### [What the task asks]
Note on the material below: return exactly the lines from the line that holds "Maeve Strapless Flounce Mini Dress" through the line that holds "US Army Military", and leave out each picture.

### [Data to process]
+++++
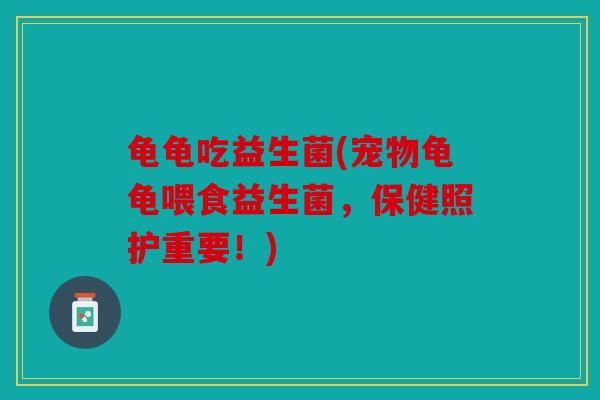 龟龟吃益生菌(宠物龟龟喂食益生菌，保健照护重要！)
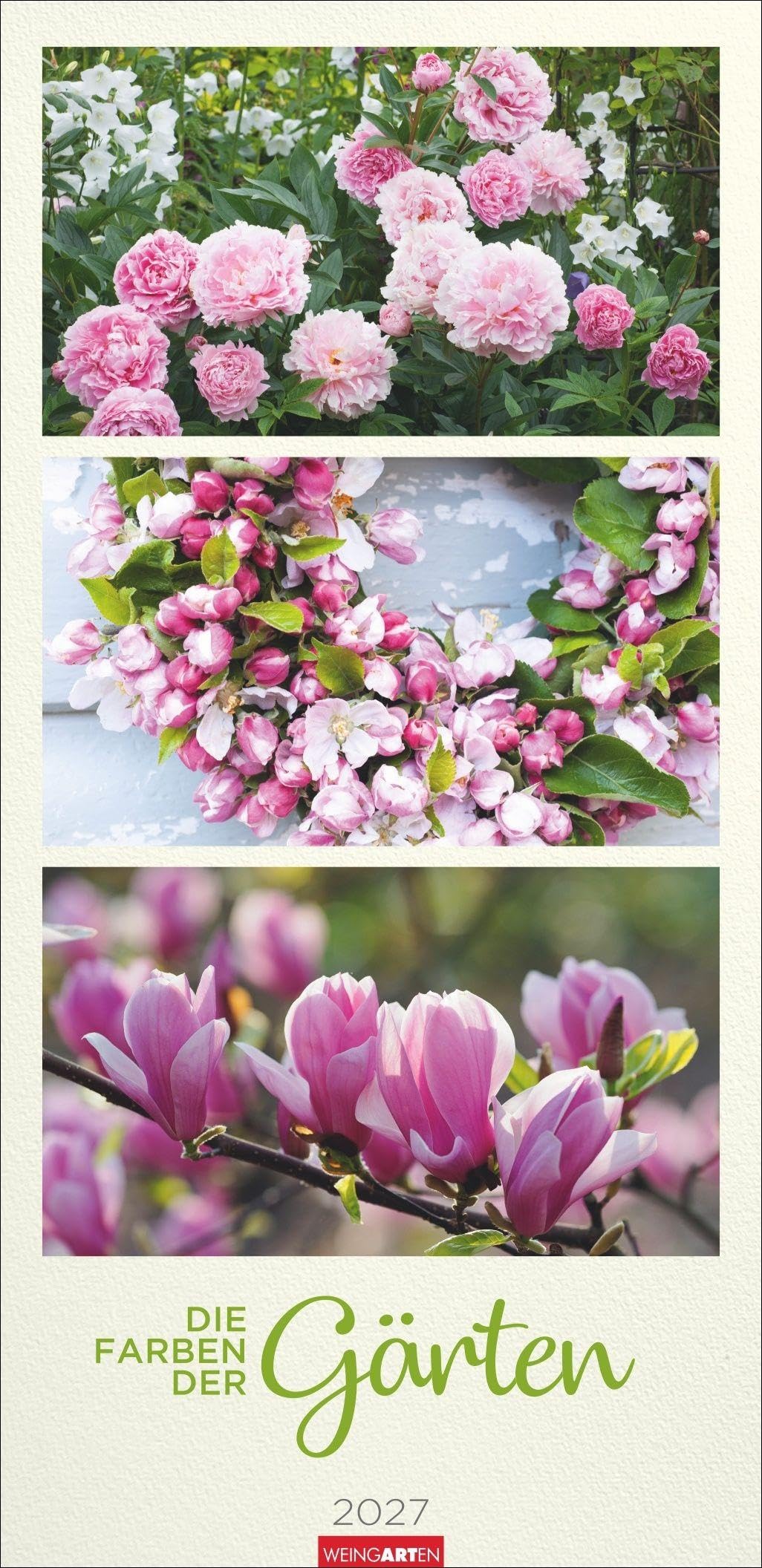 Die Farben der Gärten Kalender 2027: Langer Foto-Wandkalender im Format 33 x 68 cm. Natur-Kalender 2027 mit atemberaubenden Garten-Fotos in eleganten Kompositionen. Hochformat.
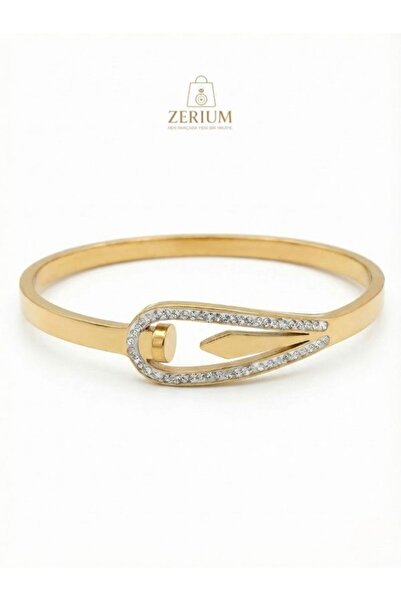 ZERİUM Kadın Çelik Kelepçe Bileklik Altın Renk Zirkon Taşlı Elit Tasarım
+++++
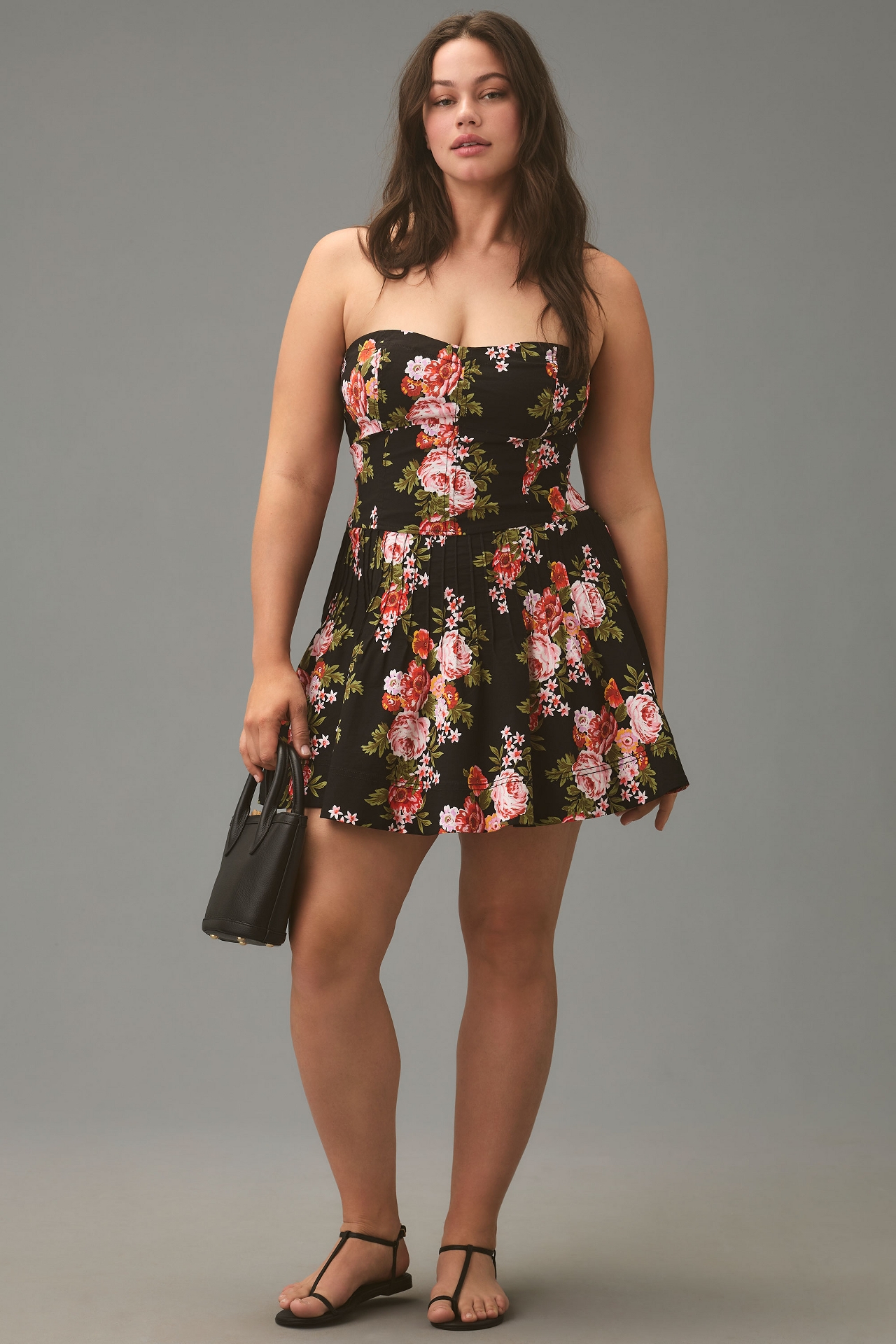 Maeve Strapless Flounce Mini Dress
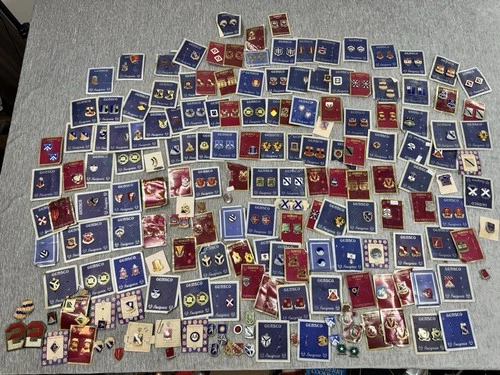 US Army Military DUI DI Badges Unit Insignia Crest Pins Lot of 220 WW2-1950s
+++++
### [Problem solution]
 Maeve Strapless Flounce Mini Dress
 US Army Military DUI DI Badges Unit Insignia Crest Pins Lot of 220 WW2-1950s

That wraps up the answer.